→ **TASK DIRECTIONS**: Although the entries contain pictures, your copy should hold only their exact text.

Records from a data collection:
[Start of section]
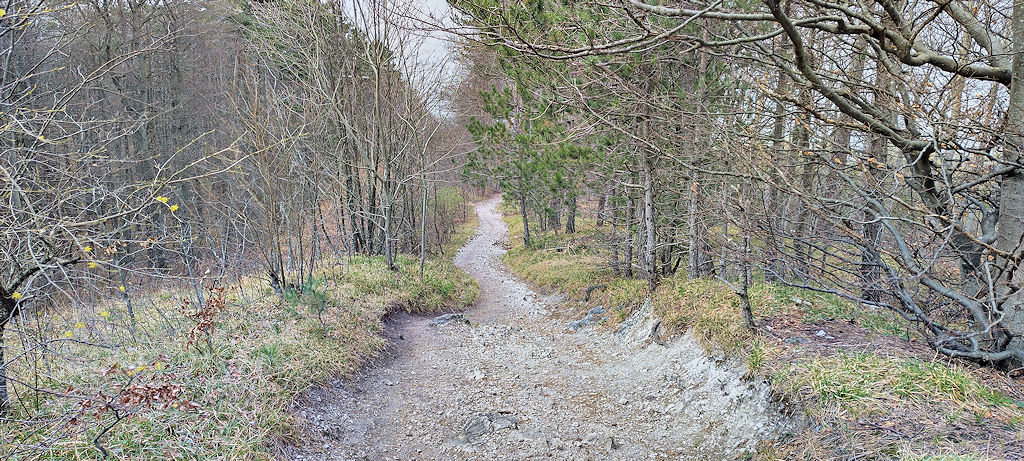 Weg
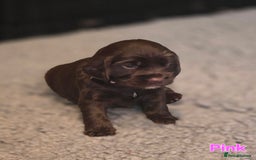 Cocker Spaniel dogs for sale: Cocker spaniel puppies - Image 39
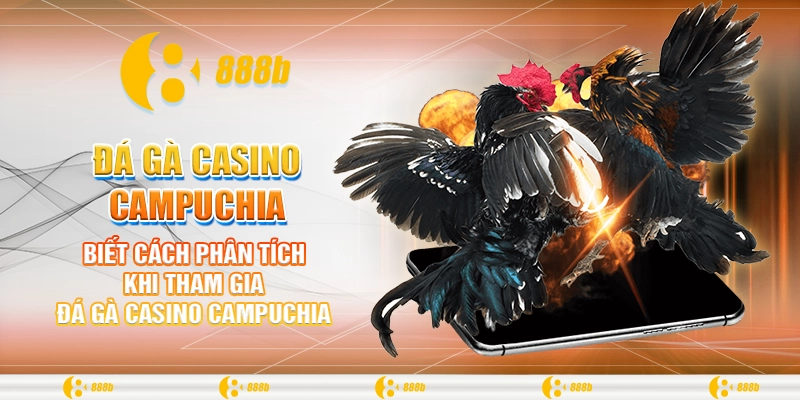 Đá Gà Casino Campuchia - Siêu Phẩm Cá Cược Tại Nhà Cái 888B 4 Biết cách phân tích khi tham gia đá gà casino Campuchia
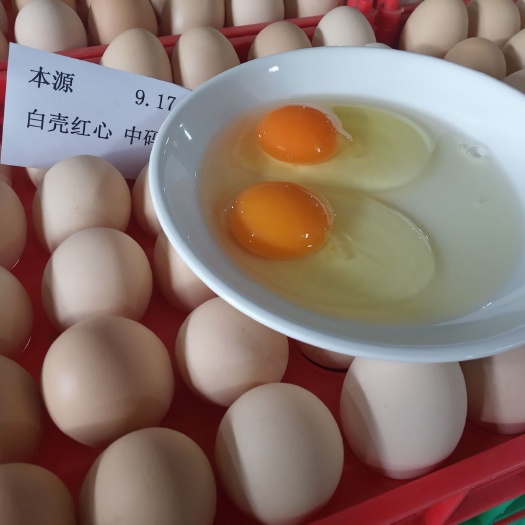 成都土鸡蛋 食用 散装 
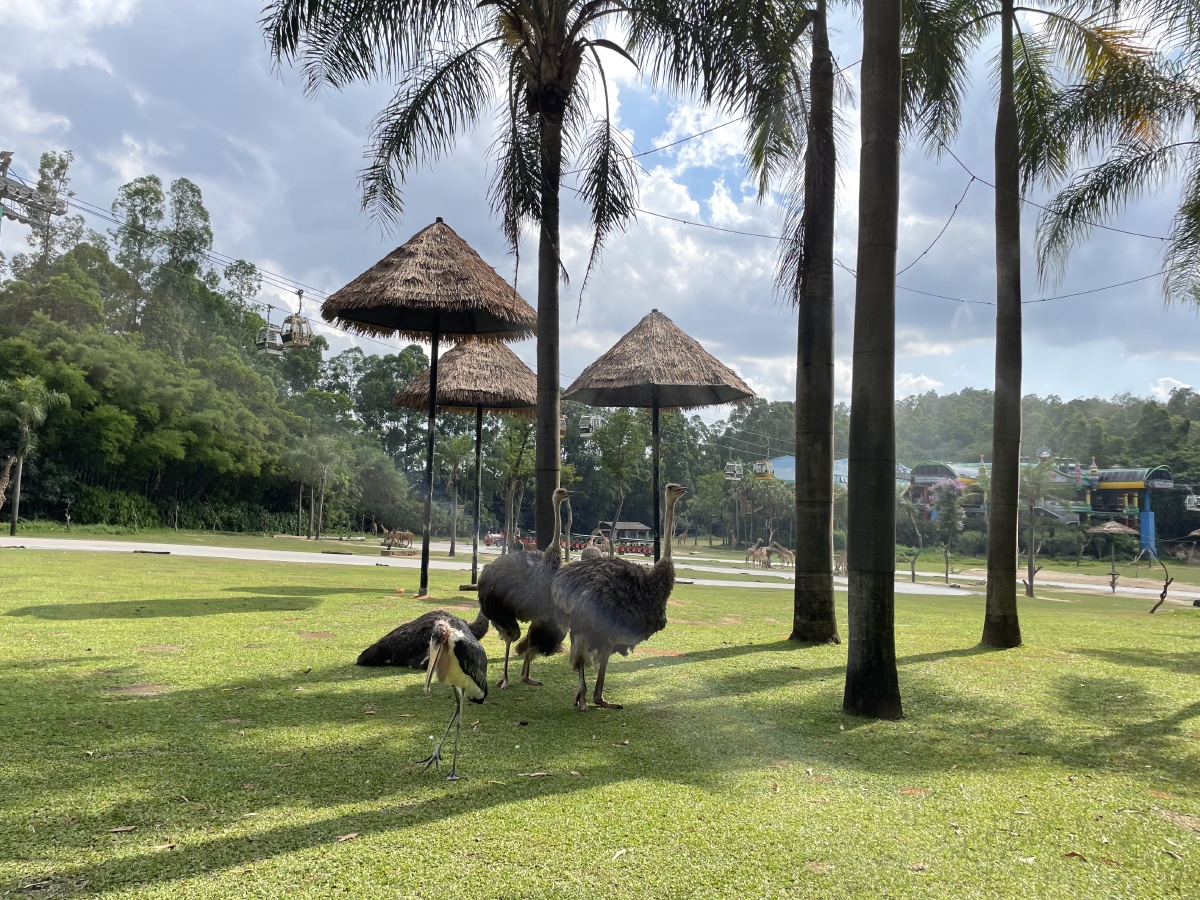 广州长隆野生动物园孩子亲密接触动物的选择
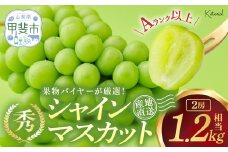 【2026年発送】 シャインマスカット 2房 1.2㎏相当  先行予約 先行 予約 山梨県産 産地直送 フルーツ 果物 くだもの ぶどう ブドウ 葡萄 シャイン シャインマスカット 新鮮 人気 おすすめ 国産 贈答 ギフト お取り寄せ 山梨県 甲斐市  AD-239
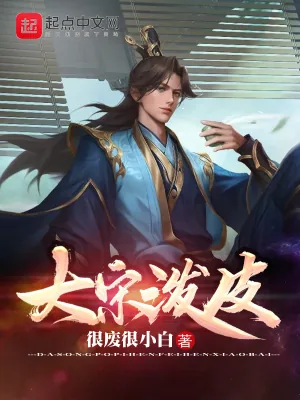 《大宋泼皮》小说封面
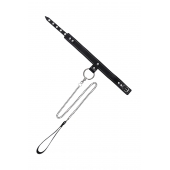 Черный узкий однослойный ошейник с серебристым поводком-цепочкой - Pecado - купить с доставкой в Ессентуках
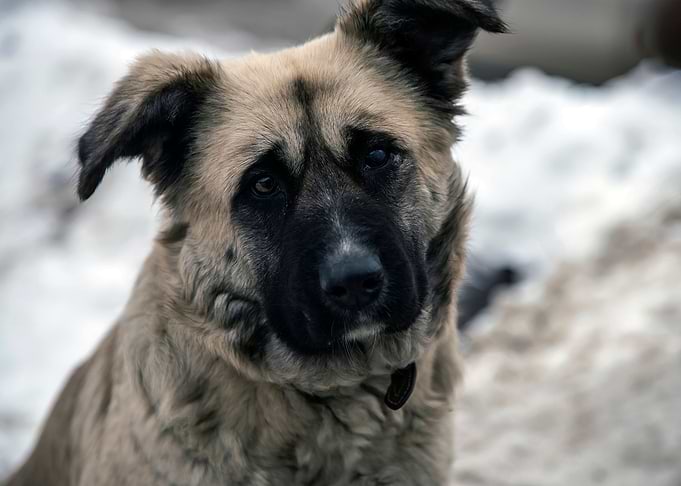 Dog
[End of section]
→ **FINAL ANSWER**:
 Weg
 Cocker Spaniel dogs for sale: Cocker spaniel puppies - Image 39
 Đá Gà Casino Campuchia - Siêu Phẩm Cá Cược Tại Nhà Cái 888B 4 Biết cách phân tích khi tham gia đá gà casino Campuchia
 成都土鸡蛋 食用 散装 
 广州长隆野生动物园孩子亲密接触动物的选择
 【2026年発送】 シャインマスカット 2房 1.2㎏相当  先行予約 先行 予約 山梨県産 産地直送 フルーツ 果物 くだもの ぶどう ブドウ 葡萄 シャイン シャインマスカット 新鮮 人気 おすすめ 国産 贈答 ギフト お取り寄せ 山梨県 甲斐市  AD-239
 《大宋泼皮》小说封面
 Черный узкий однослойный ошейник с серебристым поводком-цепочкой - Pecado - купить с доставкой в Ессентуках
 Dog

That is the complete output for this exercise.